N.S. company wins tidal energy berth, must retrieve stranded Cape Sharp turbine | CBC News

Published September 2, 2020 • Source

A Nova Scotia tidal energy company has won the competition to fill the vacant berth at the Fundy Ocean Research Centre for Energy site in Parrsboro, N.S.

As part of the agreement, Big Moon Power must remove the failed Cape Sharp tidal turbine that is still sitting on the ocean floor in the Bay of Fundy.

"Big Moon is extremely pleased to have won this procurement from the province of Nova Scotia and to continue our efforts to advance the tidal industry in Canada," stated Big Moon chair Lynn Blodgett in a news release.

Big Moon Power has provided a security deposit of $4.5 million related to its commitment to retrieve the tidal turbine. The 1,300-tonne turbine has been stranded on the bottom of the Minas Passage since 2018 when a parent company of Cape Sharp Tidal Venture, OpenHydro Group Ltd., filed for liquidation.

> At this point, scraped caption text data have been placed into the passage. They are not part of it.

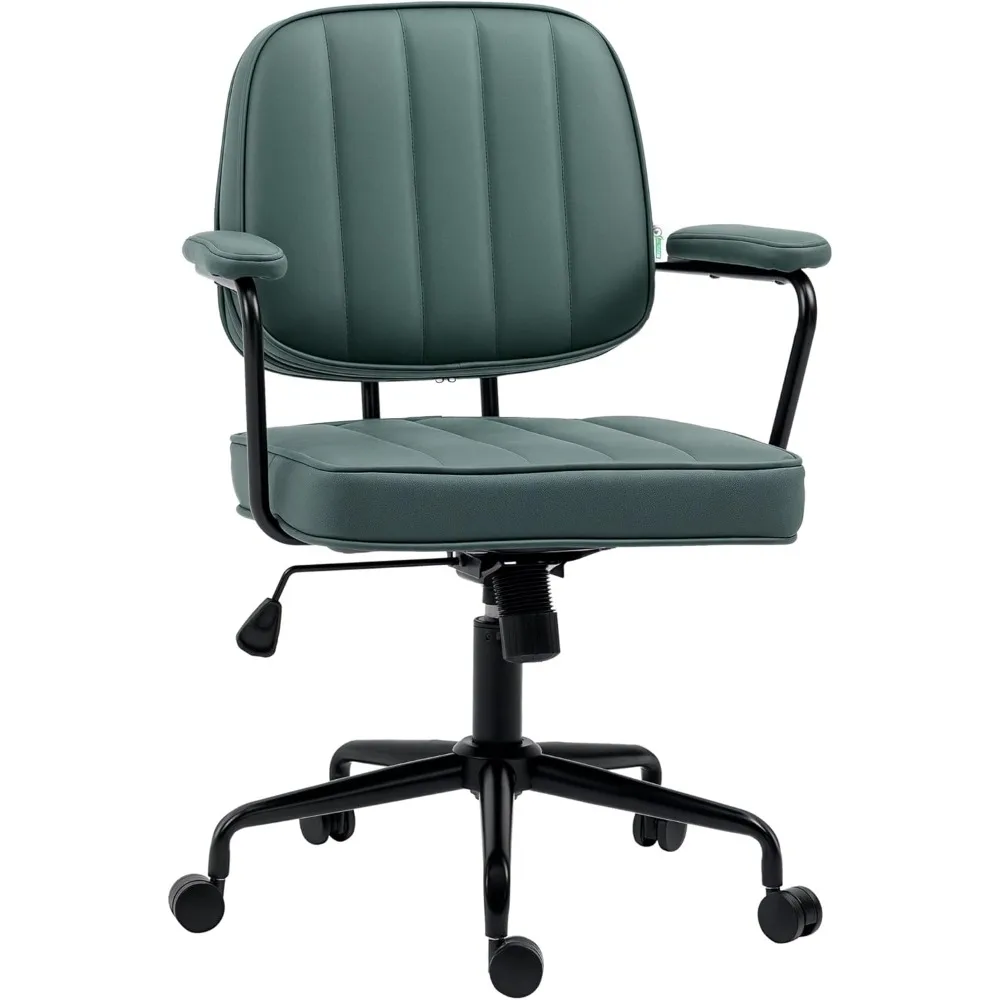

Home Office Chair, Microfiber Computer Desk Chair with Swivel Wheels, Adjustable Height, and Tilt Function, Green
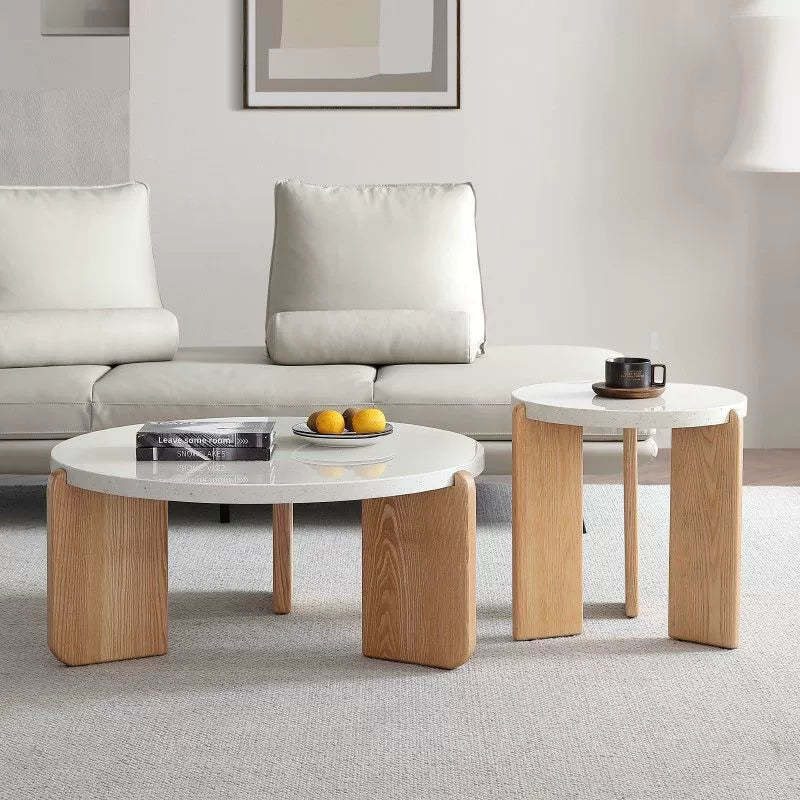Nordic Wood Terrazzo Coffee Table Set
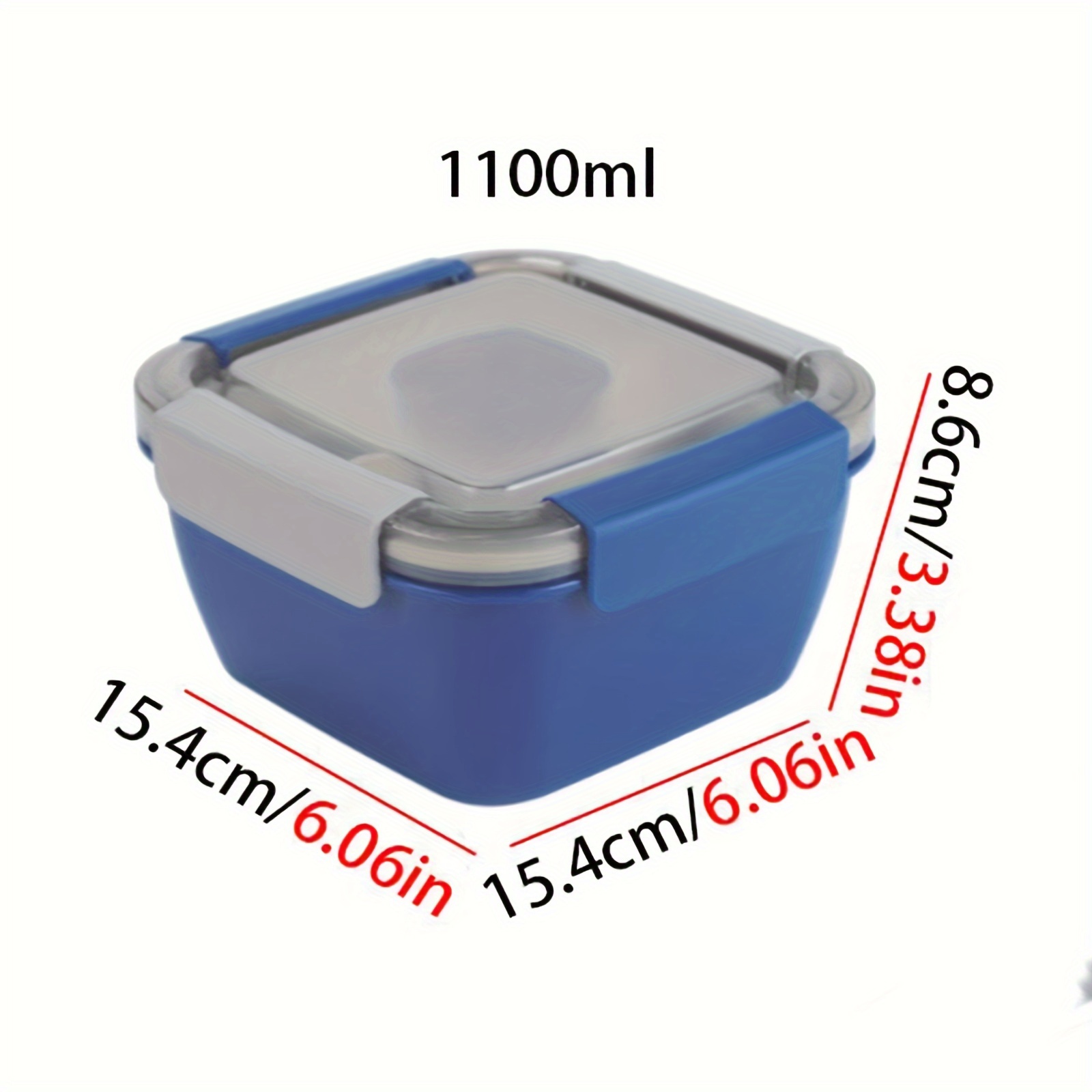 1pc Salad Box 1100ML, Portable Salad Lunch Container, 2 Compartments with Dressing Cup, Large Bento Boxes, Meal Prep to Go Containers for Food Fruit Snack,Back to School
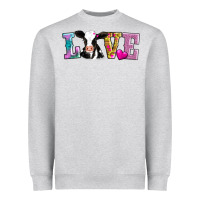 Heather Grey love with cow Heavyweight Sweatshirt - AdoDesignShop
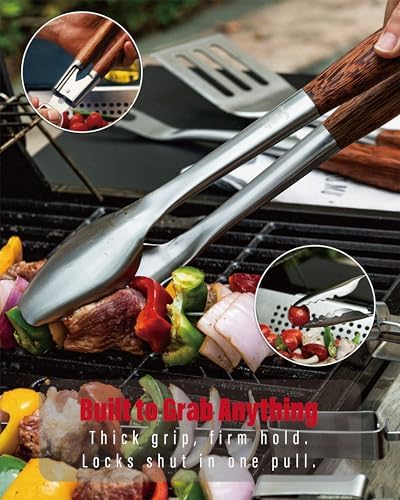 Heavy-Duty ​Panga-Panga​ BBQ Grilling Tools Set. Extra Thick Stainless Steel Multi-Function Spatula, Fork & Tongs | Essential Accessories for Barbecue & Grill. Ideal Gift for Father - Image 4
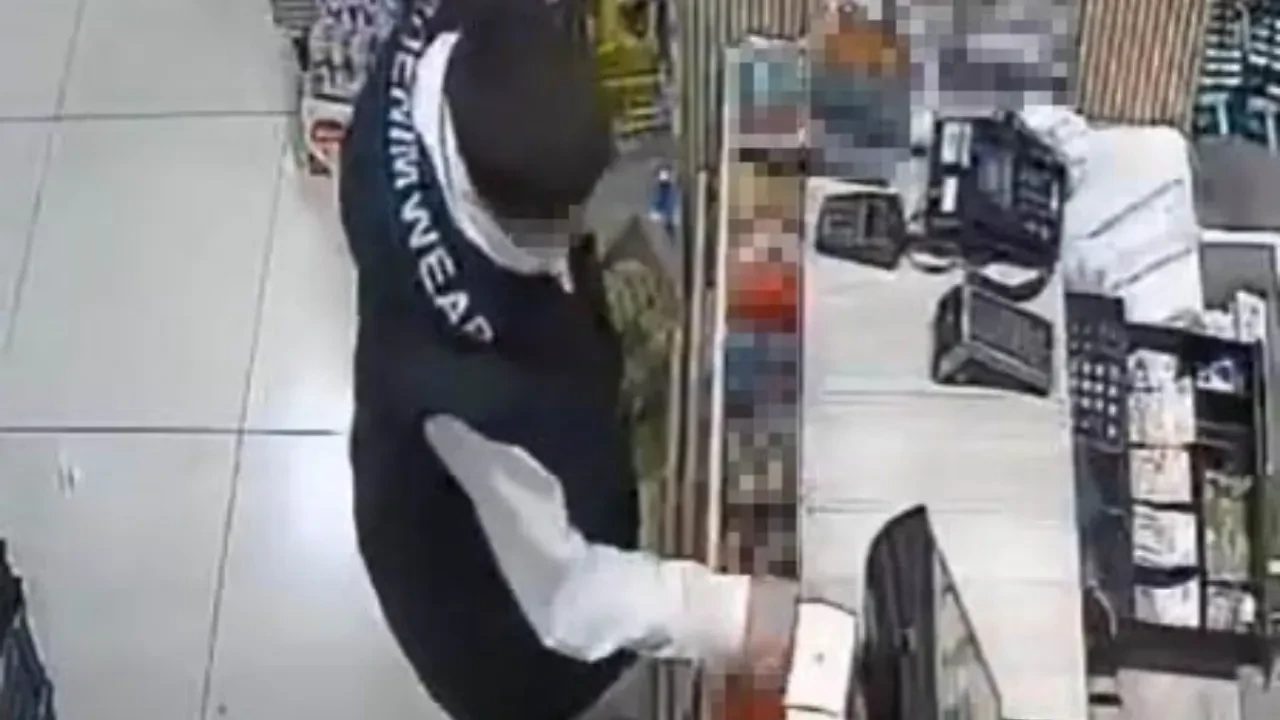 Kasiyeri uzaklaştırıp cebine attı! Erik hırsızı kamerada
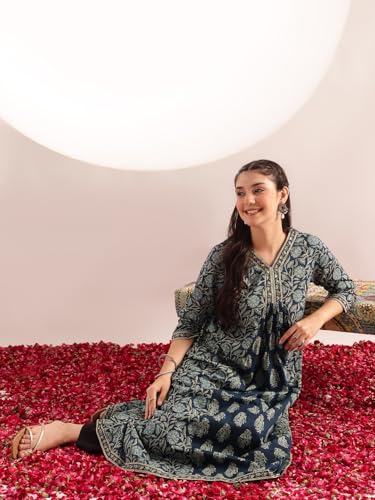 Image of Vbuyz Cotton Floral Printed A-Line Mirror Work Kurta for Women
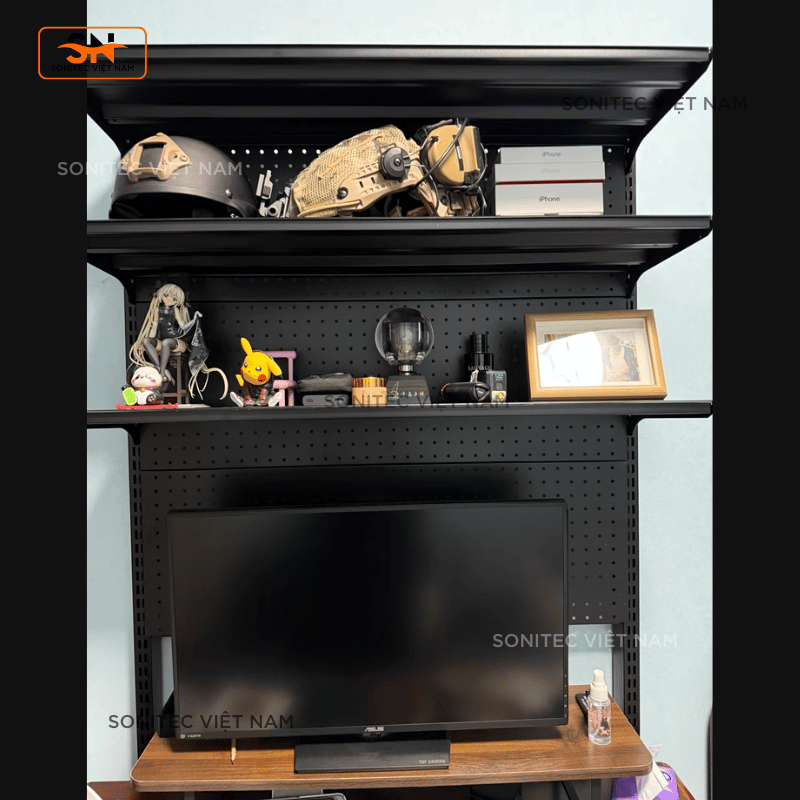 Kệ trang trí 3 tầng có lưới - Kệ sắt lắp ghép đa năng trưng bày để bàn hoặc sát tường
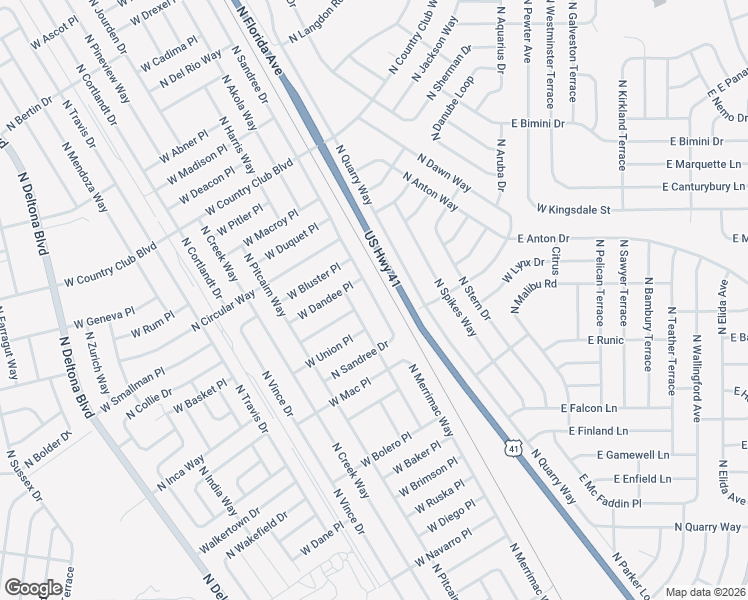 map of restaurants, bars, coffee shops, grocery stores, and more near 8820 North Sandree Drive in Citrus Springs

"Obviously, we were looking for parties that were well qualified and have adequate technical capabilities," said John Dalton, the president of Power Advisory LLC, the company that oversaw the call for proposals. "[Big Moon] satisfied all those requirements as well as provided the desired financial security."

Big Moon Power is no stranger to tidal power research in the Bay of Fundy. It has experimented with prototypes in Scots Bay. Big Moon's technology, called a Kinetic Keel, allows it to harness tidal power without installing anything on the ocean floor.

With authority from Energy Minister Derek Mombourquette, Big Moon Power has been granted a marine renewable-electricity licence, which includes the design, construction and operation of eight 500 kilowatt in-stream tidal energy generators. No generation is allowed until an environmental monitoring plan is submitted.

The removal of the Cape Sharp turbine may not happen anytime soon. Big Moon Power must submit and have a retrieval plan approved by the province and has a deadline of Dec. 31, 2024, to raise the turbine.

In an interview with CBC News last year, Mombourquette said he hoped the turbine would be out of the water by October 2020.